Exercise prompt:
Look below for the line holding "Customizable Canvas Lunch" and the line holding "Mochila Tech-Protect Defender". Repeat those two and everything between, exactly.

Data extracts:
====================
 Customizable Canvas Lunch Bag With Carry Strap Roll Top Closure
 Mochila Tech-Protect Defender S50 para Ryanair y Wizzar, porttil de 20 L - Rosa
====================
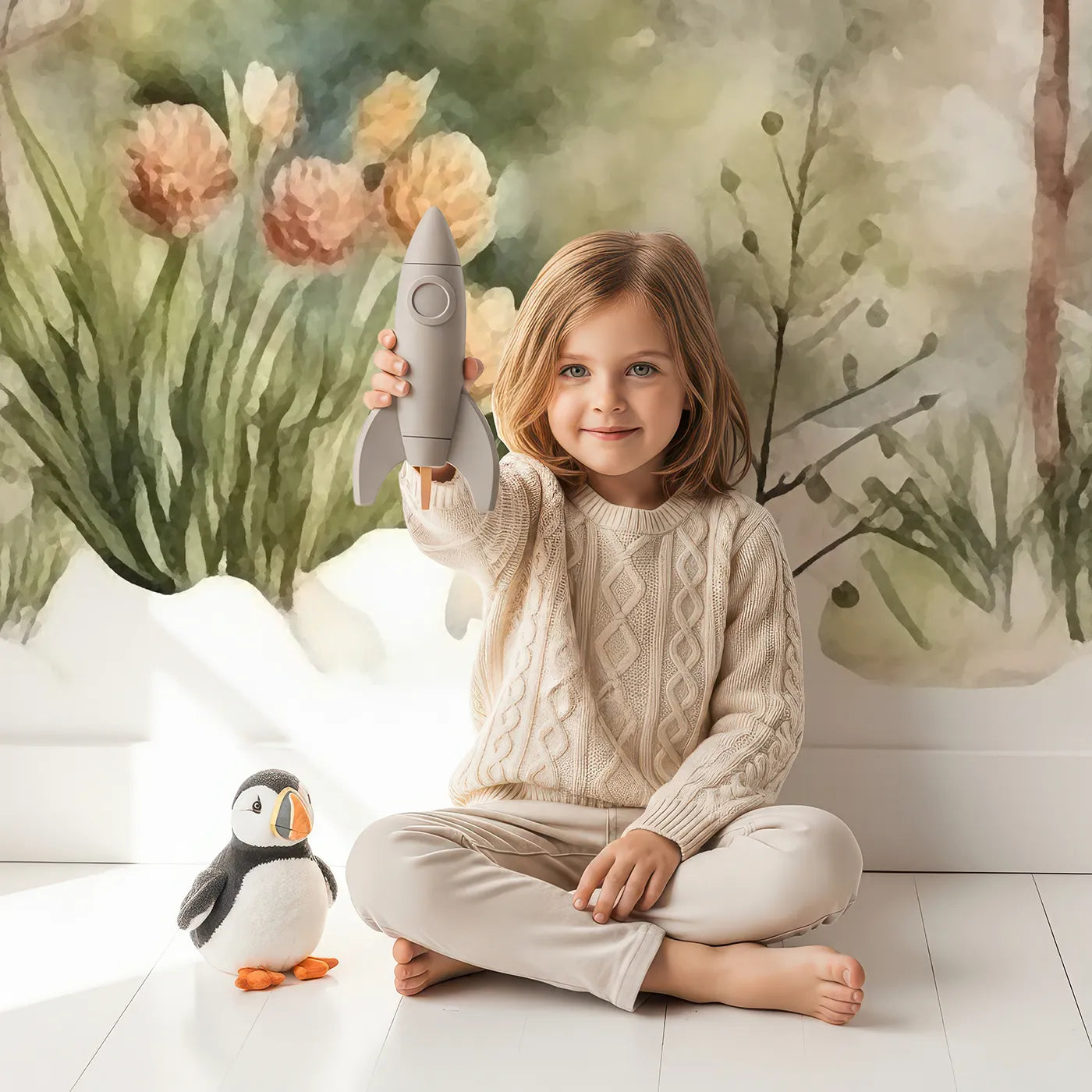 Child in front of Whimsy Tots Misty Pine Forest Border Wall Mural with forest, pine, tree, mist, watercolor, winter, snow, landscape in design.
====================
Response to the exercise:
 Customizable Canvas Lunch Bag With Carry Strap Roll Top Closure
 Mochila Tech-Protect Defender S50 para Ryanair y Wizzar, porttil de 20 L - Rosa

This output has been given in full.